- [What the task asks]: Everything from the line containing "AM Skincare 🫧🧖🏽‍♀️🎀 cover photo collage" to the end of the data must be duplicated word for word, and nothing else may appear.
[Data under study]
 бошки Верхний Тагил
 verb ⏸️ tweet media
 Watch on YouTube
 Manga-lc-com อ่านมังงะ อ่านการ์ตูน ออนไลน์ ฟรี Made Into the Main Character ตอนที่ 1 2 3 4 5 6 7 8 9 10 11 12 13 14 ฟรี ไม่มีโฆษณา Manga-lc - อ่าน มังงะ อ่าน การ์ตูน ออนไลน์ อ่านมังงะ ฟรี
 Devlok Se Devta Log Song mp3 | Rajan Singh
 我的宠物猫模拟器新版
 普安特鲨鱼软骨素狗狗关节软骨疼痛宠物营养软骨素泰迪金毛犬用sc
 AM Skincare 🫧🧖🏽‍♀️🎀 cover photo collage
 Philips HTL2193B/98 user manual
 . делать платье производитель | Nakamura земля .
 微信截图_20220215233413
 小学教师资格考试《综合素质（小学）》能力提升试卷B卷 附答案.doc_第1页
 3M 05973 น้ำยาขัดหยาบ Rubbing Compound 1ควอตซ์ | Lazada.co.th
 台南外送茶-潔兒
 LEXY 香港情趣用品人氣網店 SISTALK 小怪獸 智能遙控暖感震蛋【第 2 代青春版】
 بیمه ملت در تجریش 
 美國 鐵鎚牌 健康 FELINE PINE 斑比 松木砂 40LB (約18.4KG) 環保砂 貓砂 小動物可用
[/Data under study]
- [Solution]:
 AM Skincare 🫧🧖🏽‍♀️🎀 cover photo collage
 Philips HTL2193B/98 user manual
 . делать платье производитель | Nakamura земля .
 微信截图_20220215233413
 小学教师资格考试《综合素质（小学）》能力提升试卷B卷 附答案.doc_第1页
 3M 05973 น้ำยาขัดหยาบ Rubbing Compound 1ควอตซ์ | Lazada.co.th
 台南外送茶-潔兒
 LEXY 香港情趣用品人氣網店 SISTALK 小怪獸 智能遙控暖感震蛋【第 2 代青春版】
 بیمه ملت در تجریش 
 美國 鐵鎚牌 健康 FELINE PINE 斑比 松木砂 40LB (約18.4KG) 環保砂 貓砂 小動物可用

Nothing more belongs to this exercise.